You know… this blog program has a word count at the bottom of it. This post hit about 2650 words. I sure wish I could have churned out content like this for essays back in school!


Categorized as Storyline

6 Comments

  1. Hiroaki Asakawa says:

    Language barrier is always something that gets me annoyed as well. It’s hard to speak in a professional manner. I suggest that you get a DS and get the dictionary cartridge. Basically you can write any kanji on the bottom screen, and it gives you definition and what not. It’s a really valuable tool for me. It’s called “DS sonomama kanji rakubi” I think…something along those lines. You can also write in hiragana and they suggest the different kanji variation that matches it. They also have a english to japanese dictionary as well.

    As for your experience, I think it was a necessary wake-up call. Negative experiences are positive in the end; it in turn makes you wiser. Unless of course you disregard it and decide that you are right. In “The Power of Kindness” it talks about how pain is necessary. In this case, it’s not really pain, but it works either way. It suggests that pain can actually make the individual stronger, and it allows for the individual to be alert the next time a certain situation rises up. At the same time, it can push individuals away, but it really depends on the individual. Hitler or Gandhi.

    Fortunately even though words may sometimes be hard to communicate, feelings are felt regardless of language barrier. As long as you have a great attitude and an open mind, it will be enough to get by.

    That was quite a read, but I enjoyed every bit of it. You have an interesting tale to tell everyday. Just proves that you are being productive. Keep pursuing your dream, there’s nothing better in life than to do what you love to do. You should watch the derek sivers videos i sent mami. Though it’s nothing related to fashion, you might be able to make a connection. Good luck in your endeavors!

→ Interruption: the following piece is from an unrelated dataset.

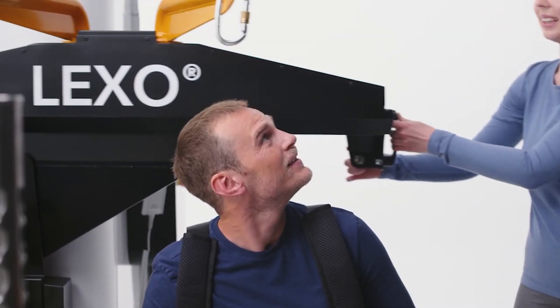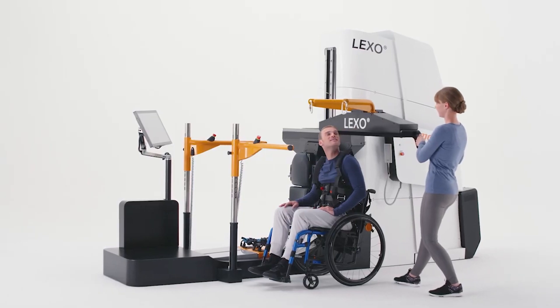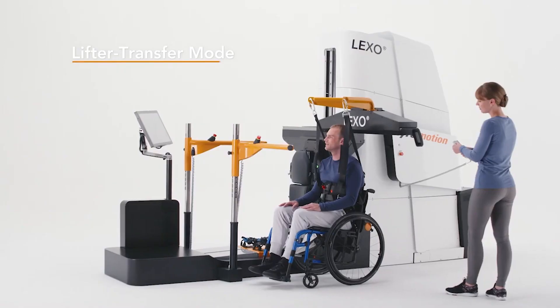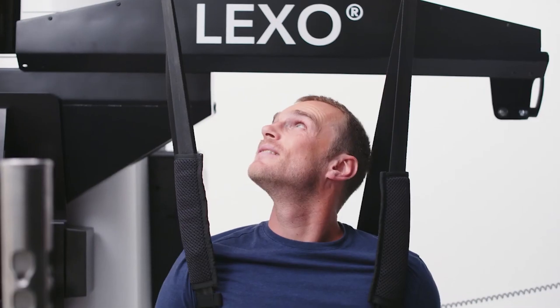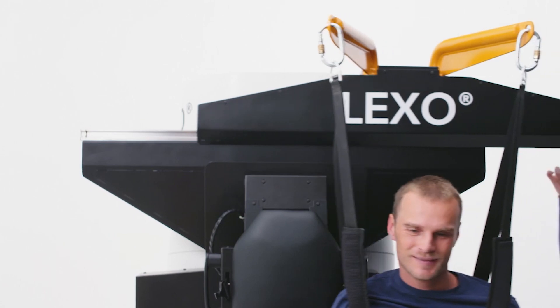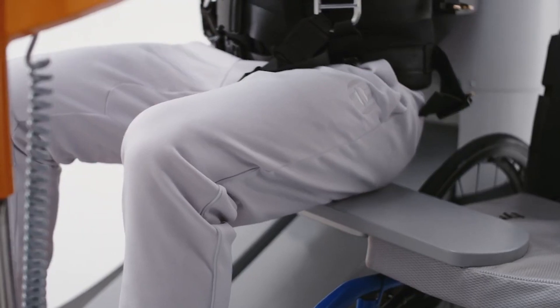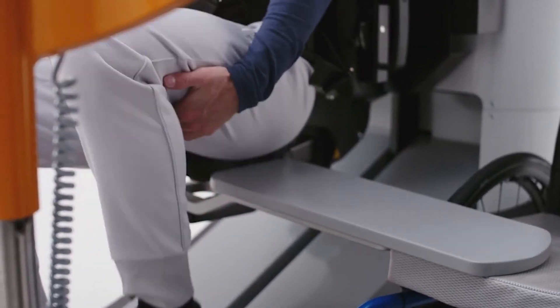Lexo offers different transfer options specifically catered to the severity of the patient's condition and their existing functionality. The lifter transfer enables the therapist to raise and position the patient effortlessly, whereas the self-transfer mode offers mildly impaired patients the possibility to slide into position independently.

  2. がんばれよ. You’re doing something that most people don’t have the courage to try, and even when you have vexing moments, you’re having those because, unlike most people, you’re there in the first place. Seriously, who puts himself in a situation like that? I think most people would say that they’ll just wait for the “right opportunities and people,” but you’re making those both.

  3. @Hiroaki

    Yeah, I think it’s important to be grateful every step of the way, even for mistakes. Because, like you said, it’s through the mistakes that we learn. And it’s definitely true about the “pain” making you more alert. While talking to Sako-san today, I began to think a bit more before speaking. In a way, I guess you could say that the way I speak Japanese is quantity over quality to communicate a meaning. Now I’m going for quality over quantity.

    There’s a connection in everything! I’ll definitely have a look at the videos. Also, if you’re interested in starting a blog as well, I have plenty of webspace. I definitely think it helps to sort out your thoughts from day to day. After all, you’re starting on your own dreams as well!

  4. @Sally

    ありがとう!Haha you’re right though, who does put themselves in situations like that? If I actually think about it, not me! (at least not on purpose, haha)

    You know, though, this reminds me of watching Japanese dramas. I watch them and think wow… what happened to my youth? I wish something like this would happen to me…

    And then when it happens, it feels like “why does this have to happen to me?!!” まいったなぁw

    I believe that this world is filled with the right opportunities and people. It’s just a lot faster to go get them instead of wait for them. サリーも頑張って!If there’s anything I can do, let me know.

  5. Hiroaki Asakawa says:

    I may just have to take you up on that offer. I have a xanga, but it’s not really professional or anything. I mean, you don’t necessarily go tell people to take a look at your xanga. But if it’s not too much trouble, it’ll be most appreciated if you can set up an account on your leisure. Thanks!